被身后的人推促着,c.c.犹豫地拉开纸门,小心地来到榻边。很小就知道,自己和别人不一样。比如能看见在榻榻米上方漂浮着的黑衣男子,比如这家伙被人恐惧敬畏地称为死神。
作为一个阴阳家的嫡女,拥有这种能力只会让人羡慕,可c.c.却希望从来没有过这该死的能力,敬畏恐惧鄙夷厌恶,就是这些能力带来的所有可能,还有躺在那里,即将死去的女子,也是拥有这该死的能力的代价。这时,原本在榻上紧闭双眼的女人,突然睁大了眼睛,针孔似的瞳孔蓦地放大,浑浊的眼白倒映着c.c.惊恐的脸。她定定的看着c.c.
直到c.c.别开头去,于是她开始笑,苍白厌恶而又刺耳的笑。黑衣男子,或许应该叫死神,优雅的抽走了早已枯朽的身体里仍在挣扎的灵魂。可惜这样依旧无法阻止女子残忍的笑声。声线渐成幻听,嘶哑地弥漫在屋内,幻化成无解的结。
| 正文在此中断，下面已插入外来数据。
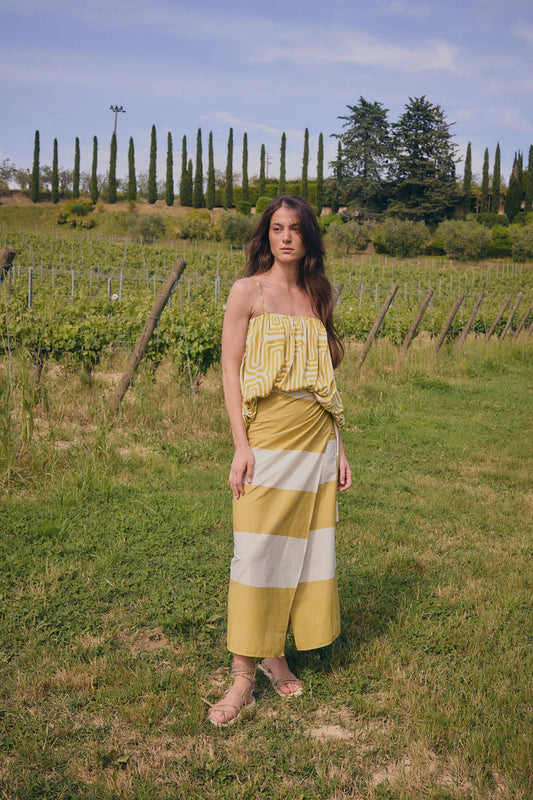 SAMOA NATURAL PISTACHIO SKIRT
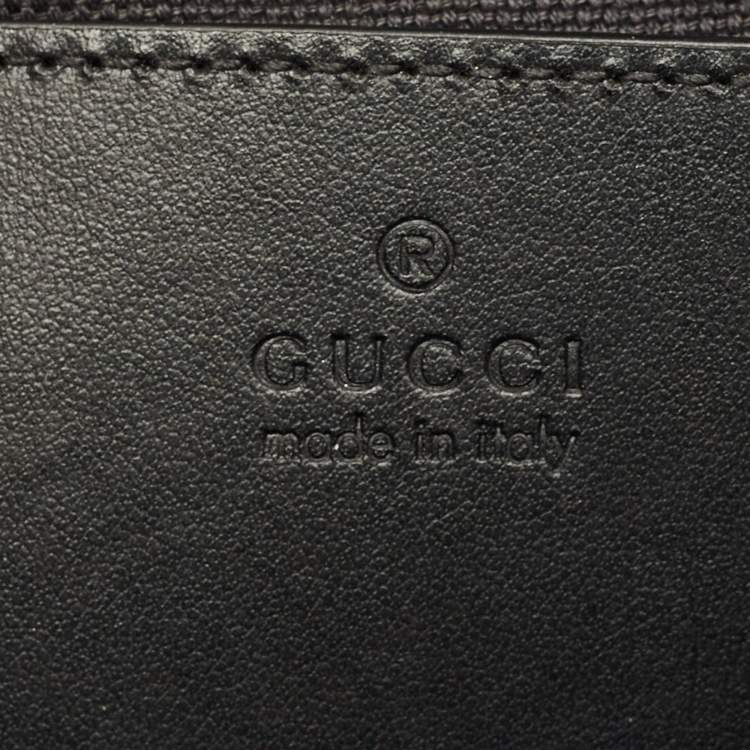 Pre Owned Gucci GG Marmont Black Matelasse Leather Pochette Bag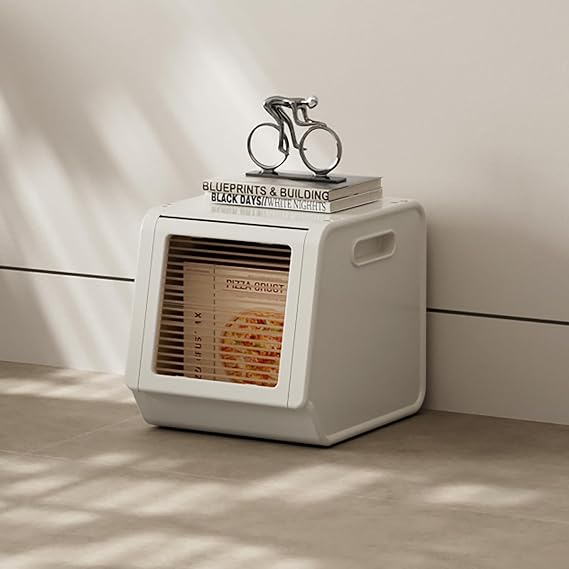 SunSettler Stackable Plastic Storage Bins with Foldable Design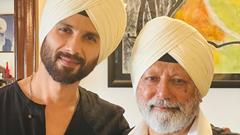 In turbans and togetherness: Shahid Kapoor and his father Pankaj kapur share a candid moment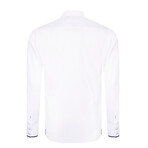 Victor Plaid Long Sleeve Button Down Shirt // White (S)
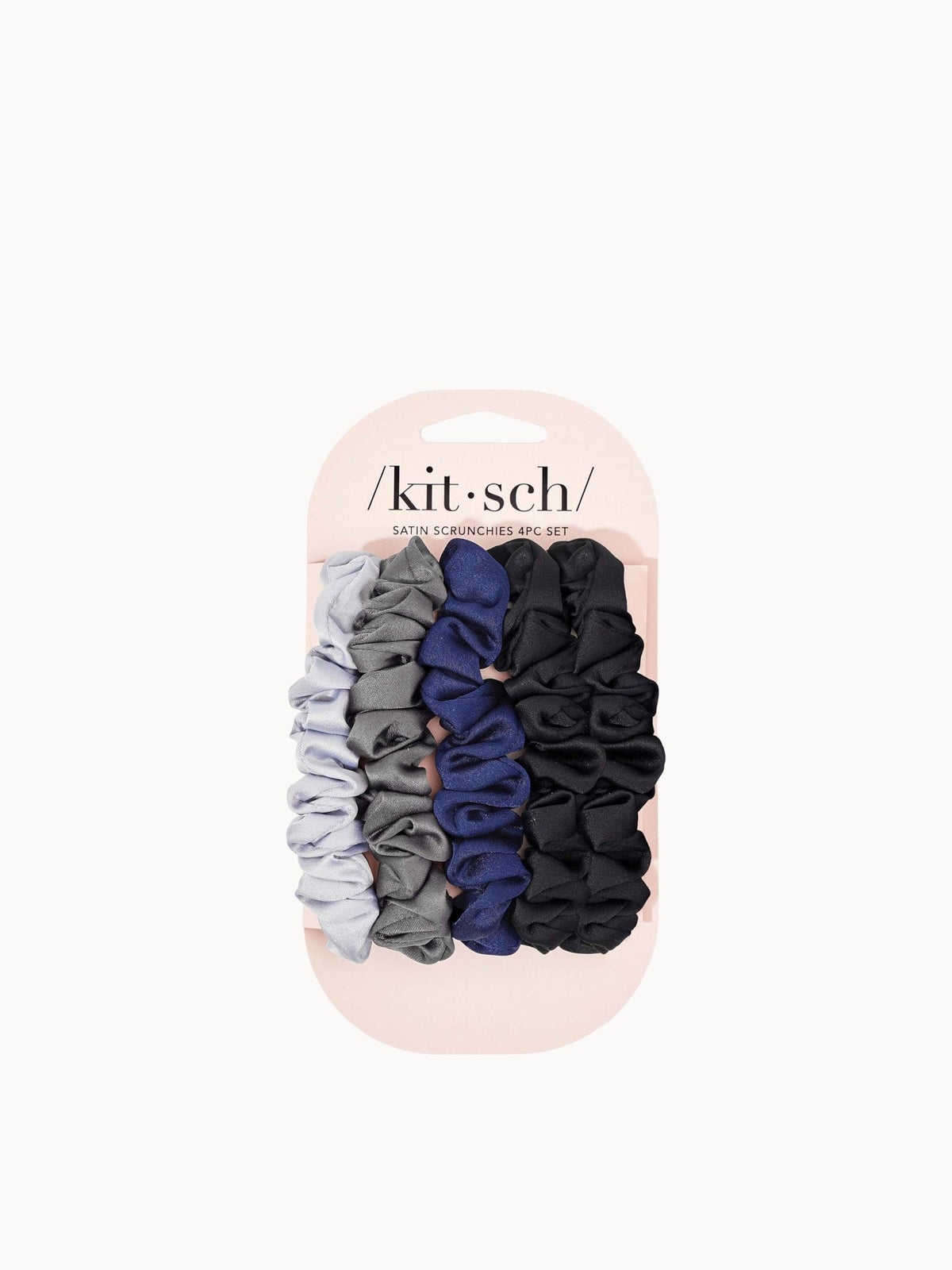 Kitsch Satin Petite Scrunchies 5 Piece Set - Midnight
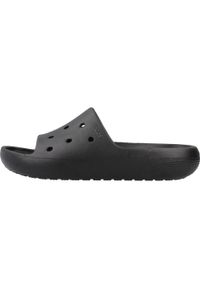 Klapki unisex Crocs Classic Slide V2. Kolor: czarny. Materiał: syntetyk, materiał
c.c.猛地睁开眼睛,头顶依旧是沉沉的黑暗,外头没有白云,没有鸟声,没有阳光。那个梦她一直在做,从预知到现实,再到回忆,从不间断。那个女人的脸早已模糊不清,无从揣测,但那句话却是清晰莫名,铿锵无比,是永远挥之不去的梦魇。
其实在很久以前,c.c.曾问过她,为什么你不喜欢我?c.c.永远记得那个女人的回答,干净利落地切断两人间唯一的羁绊,那个回答是不需要梦来提醒就深刻印在脑子里的过去,也是她下的至死方休的诅咒——因为你是不被需要的。